About three years ago I bought a Napa CD player that did MP3. That came with some ear buds with the delightful brand of
laPhony. I used that player for music and audiobooks. I kept using the headphones with my Palm as they were so portable.
They sound okay, but let in a lot of outside noise which is not a great thing on planes and trains.
At work I listen to a lot of music from my large MP3 collection (almost all from my CDs) on the PC. FOr that I bought
some lightweight JVC headphones that have 'Super Bass'. Not too sure about that feature, but I chose them for the relatively
long cable that reaches to the back of the PC. I think they sound okay and do the job. They let in enough outside sound
for me to be aware of what is going on in the office, but don't disturb others too much.
I decided I was going to get some decent headphones for travelling. The site Head-Fi
is a very good source of opinion, even if a lot of people there aim for the higher end kit.

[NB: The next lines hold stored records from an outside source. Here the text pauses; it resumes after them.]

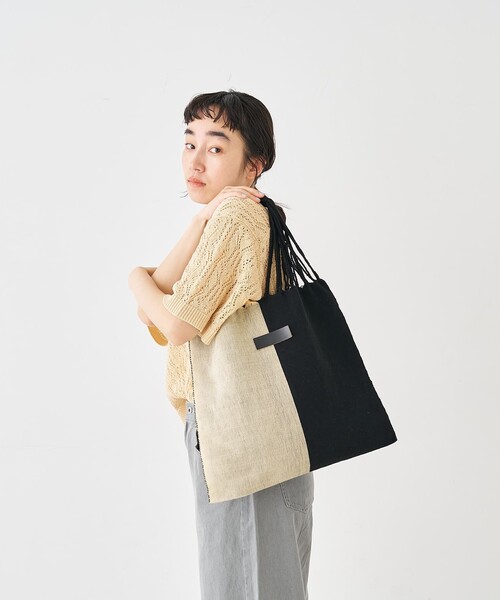 Moon Bird(ムーンバード)の「【MOON BIRD/ムーンバード】手織りハンモックバッグ(かごバッグ・レディース・アイボリー/セージグリーン/ブラウン・フリー)」の15枚目の写真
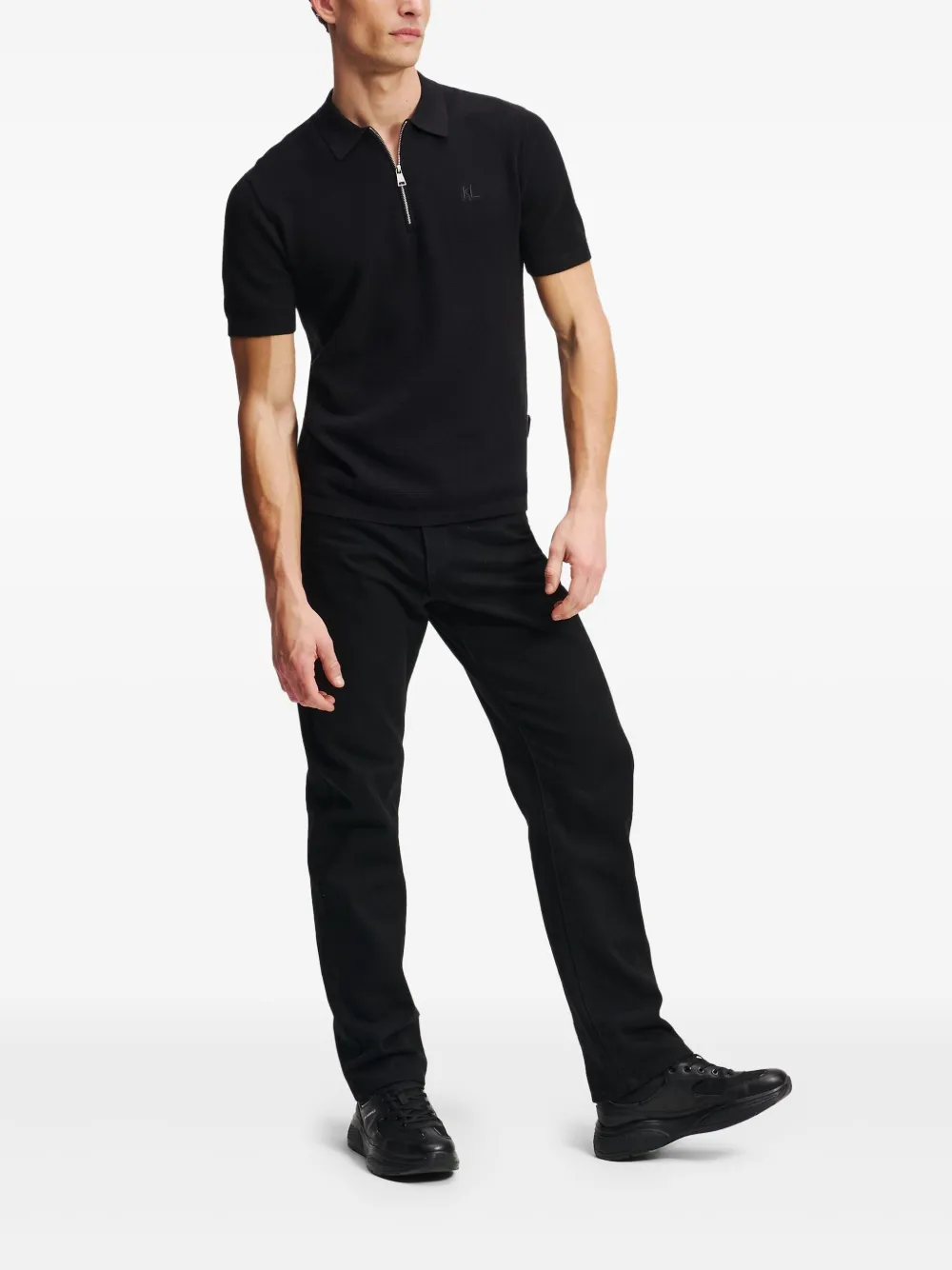Karl Lagerfeld Poloshirt met rits - Zwart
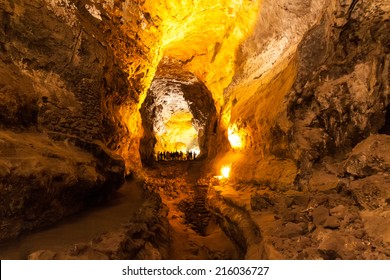 volcano cave Cueva de los Verdes in Lanzarote - one of Canary island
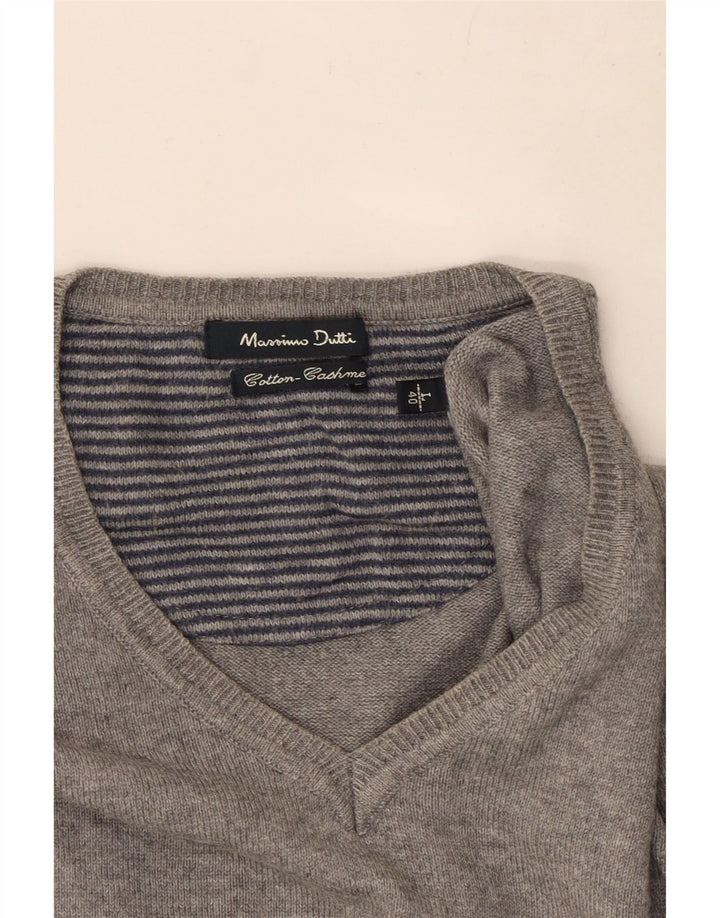 Massimo Dutti Maglione da uomo con scollo a V grande cotone grigio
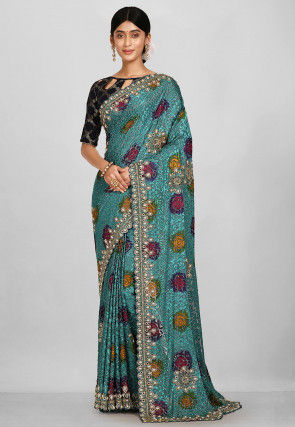 Woven Faux Georgette Brasso Saree in Teal Blue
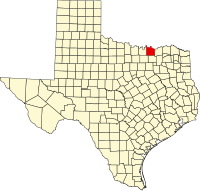 Locatie van Grayson County in Texas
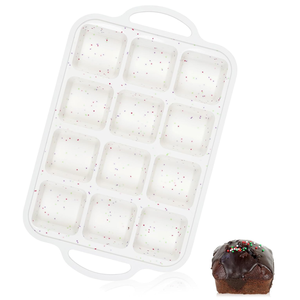 MUYULINS Factory 12-cup LFGB non-stick BPA Free metal reinforced frame square <b>silicone</b> cake pan American muffin tray <b>baking</b> - Product Image 1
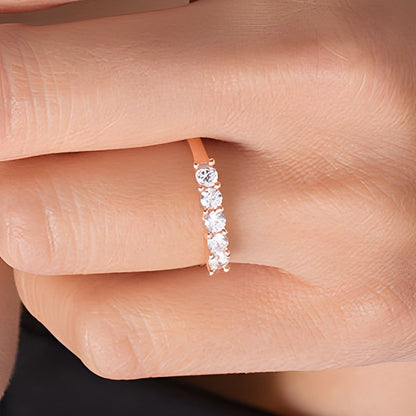 0.5 CT. TW Diamond Five Stone Anniversary Band in 10K Rose Gold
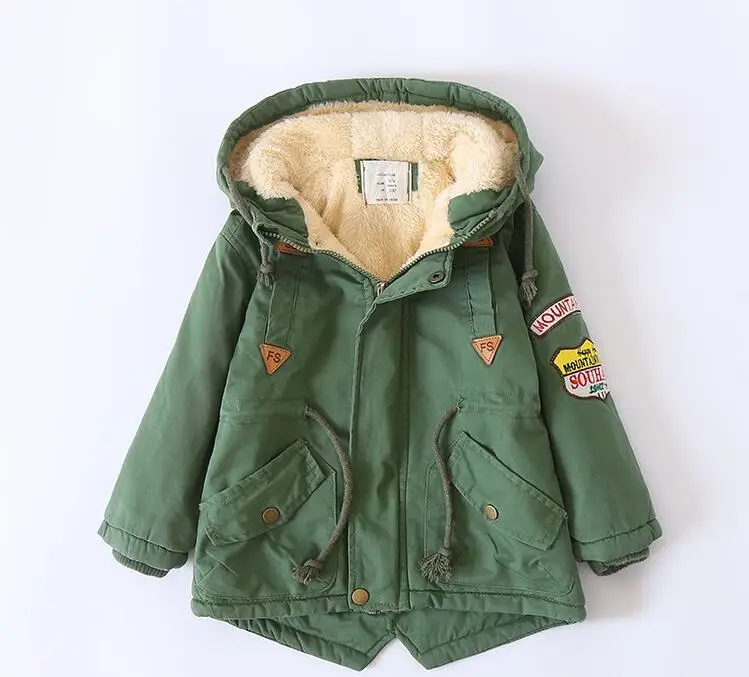 
Wholesale Winter Children Thick Jacket Coat Kids Boys Fleece Jacket Down Parkas Warm Hooded Coat 3-8Y 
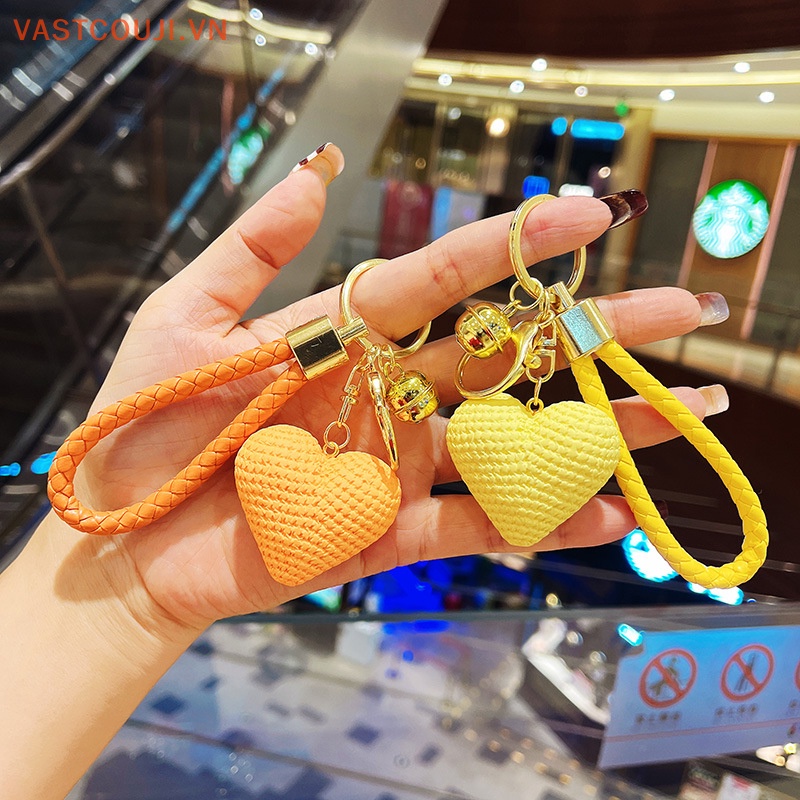 Móc Khóa Dây Da Bện Thủ Công Mặt Trái Tim Trang Trí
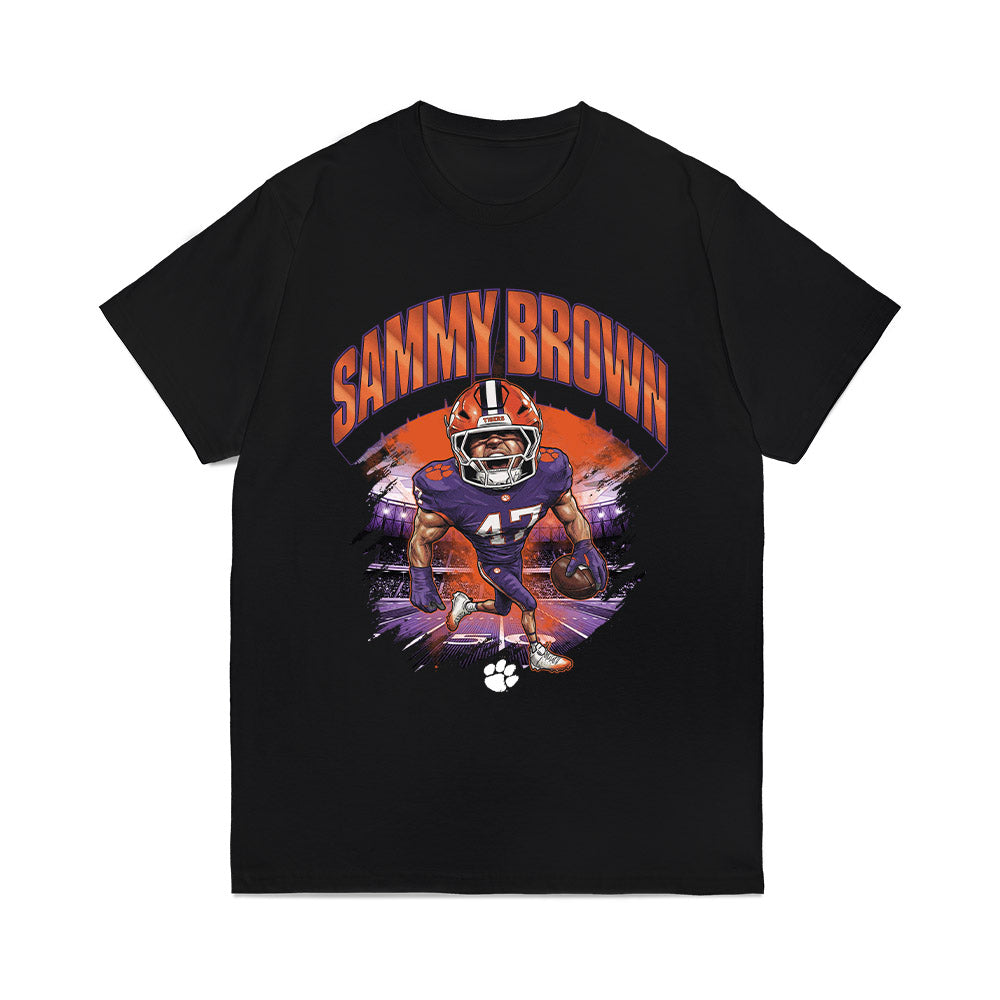 Clemson - NCAA Football : Sammy Brown - Caricature Comfort Colors T-Shirt-0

Grado get good reviews. I tried and failed to find get some in the US as they are
half the price there. I'm not sure they would be so good for travel as they leak a lot of sound and are bulky, but I'd
like to try some to see how good they are. The SR60 model is only about $70.
I eventually settled on the Sennheiser PX200. They
don't get the best audio rating, but they block at least some outside noise and fold up nicely. I bought mine from
Unbeatable as they had about the best UK price.
First impressions are very good. They do block quite a bit of outside noise if you position them right and others can
barely hear them, even at fairly high volume. On the Palm they are much louder than the laPhony, which is a benefit given
the low output power. The sound is very clear with adequate bass. I've not had much chance to road-test them yet apart
from one trip on the train where they did quite well. The underground trains can be very loud so nothing short of
canal-phones will block it all. I did try them in the office, but they were so effective that I couldn't hear my
telephone and managed to miss a couple of calls, so it's back to the JVCs for now. The folding mechanism is very neat.
It only takes a few seconds to get them in or out of the case and they are well protected in there. Build quality seems
good and they come with a two year warranty in case something does go wrong. So I'm happy so far. We'll see how they perform
on my next flight, whenever that may be.
On the Palm I am using Aeroplayer. It supports MP3 and OGG formats
and has a few nice features such as a volume boost that manages to get a bit more output as the expense of a little distortion.
The distortion is more apparent with the Sennheisers, but can be useful with spoken material. I can listen to music whilst
reading ebooks or doing other tasks on the Palm. The player could do better at remembering what playlist and track location
I was listening to when I turn it back on, but maybe the next version will fix that. I use the Marshmallow skin from
here as it allows fingertip control with it's large controls. I know a dedicated MP3
player would do more, but with my 256MB SD card I can carry enough music for most trips and not need yet another gadget.